Employers should be sure they are ready to comply with the fast-approaching deadlines for reporting 2014 incentive stock option (ISO) exercises and certain employee stock purchase plan (ESPP) transfers under Section 6039 of the Internal Revenue Code of 1986 (the “Code”). 

Code Section 6039 imposes two reporting obligations on employers with employees (or former employees) exercising ISOs.
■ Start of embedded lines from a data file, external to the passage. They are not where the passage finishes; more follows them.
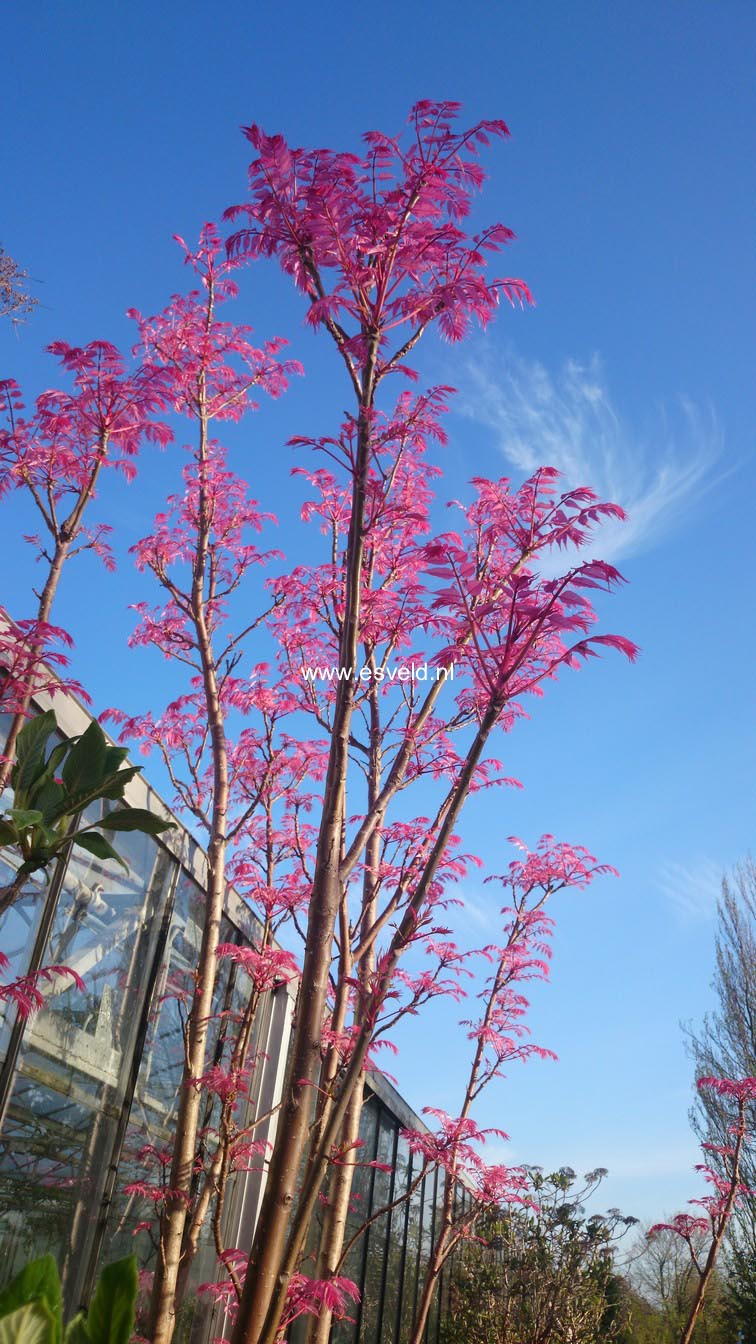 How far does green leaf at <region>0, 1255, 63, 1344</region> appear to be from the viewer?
100 centimetres

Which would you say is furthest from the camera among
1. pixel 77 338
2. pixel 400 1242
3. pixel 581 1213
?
pixel 581 1213

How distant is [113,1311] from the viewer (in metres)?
1.07

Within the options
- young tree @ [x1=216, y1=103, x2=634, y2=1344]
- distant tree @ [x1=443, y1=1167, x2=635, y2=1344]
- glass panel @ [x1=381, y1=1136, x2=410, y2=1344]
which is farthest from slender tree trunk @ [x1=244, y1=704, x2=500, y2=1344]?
glass panel @ [x1=381, y1=1136, x2=410, y2=1344]

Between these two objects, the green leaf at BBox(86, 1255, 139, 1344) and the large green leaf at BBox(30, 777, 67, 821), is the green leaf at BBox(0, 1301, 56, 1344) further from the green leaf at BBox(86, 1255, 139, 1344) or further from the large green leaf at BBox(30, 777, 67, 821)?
the large green leaf at BBox(30, 777, 67, 821)

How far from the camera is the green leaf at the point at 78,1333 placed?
1.09 metres

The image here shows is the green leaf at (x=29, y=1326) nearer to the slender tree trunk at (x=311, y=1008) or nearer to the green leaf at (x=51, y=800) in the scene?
the green leaf at (x=51, y=800)

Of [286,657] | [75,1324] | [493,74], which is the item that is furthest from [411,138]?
[75,1324]

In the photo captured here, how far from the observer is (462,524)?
523cm

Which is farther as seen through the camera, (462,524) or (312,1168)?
(462,524)

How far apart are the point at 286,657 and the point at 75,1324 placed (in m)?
4.42

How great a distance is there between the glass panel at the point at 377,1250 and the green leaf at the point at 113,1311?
781 cm

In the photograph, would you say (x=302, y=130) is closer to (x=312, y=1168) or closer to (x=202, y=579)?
(x=202, y=579)

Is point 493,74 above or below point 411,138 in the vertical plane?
above

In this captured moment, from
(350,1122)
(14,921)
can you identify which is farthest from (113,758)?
(350,1122)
  1. Employers must provide optionees with an “employee information statement” by January 31 of the following calendar year for each ISO exercise. The deadline is delayed until Monday, February 2, 2015 for 2014 ISO exercises, since January 31 falls on a Saturday this year.  
  2. Employers must report each ISO exercise to the IRS on Form 3921. The deadline for filing Form 3921 with the IRS for 2014 ISO exercises is Monday, March 2, 2015 for employers filing paper copies (since February 28 falls on Saturday). For employers required to file Form 3921 electronically—generally required of all employers reporting 250 or more transactions in a single year—the filing deadline is Tuesday, March 31, 2015

Under the applicable IRS rules, each ISO exercise is considered a separate transaction for reporting purposes and must be reported to the IRS on a separate Form 3921. Please note that exercises of nonqualified stock options (NSOs) are not required to be reported on Form 3921. NSO gains should instead generally be reported as taxable income on an optionee’s 2014 Form W-2 (for employees) or Form 1099-MISC (for directors and consultants), as applicable. 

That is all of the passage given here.